Work instructions: Take each line below that has "Invitation" and copy it.

Provided information:
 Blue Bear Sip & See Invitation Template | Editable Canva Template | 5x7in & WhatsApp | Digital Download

* * *

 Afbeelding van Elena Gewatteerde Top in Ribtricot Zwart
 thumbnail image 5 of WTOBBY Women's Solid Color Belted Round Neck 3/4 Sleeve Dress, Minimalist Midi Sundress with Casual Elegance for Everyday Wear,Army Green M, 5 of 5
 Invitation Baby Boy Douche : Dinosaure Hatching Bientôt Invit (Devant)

...

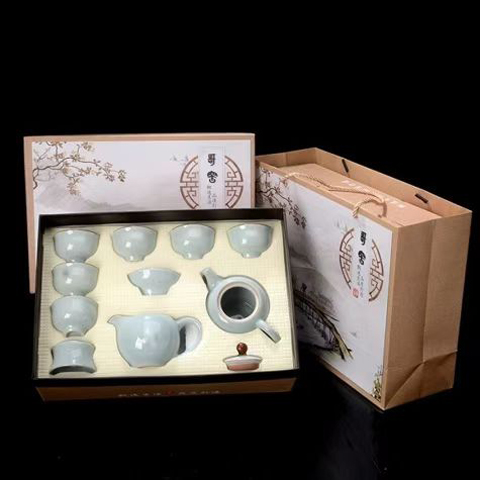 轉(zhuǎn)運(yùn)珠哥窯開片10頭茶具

Exercise response:
 Blue Bear Sip & See Invitation Template | Editable Canva Template | 5x7in & WhatsApp | Digital Download
 Invitation Baby Boy Douche : Dinosaure Hatching Bientôt Invit (Devant)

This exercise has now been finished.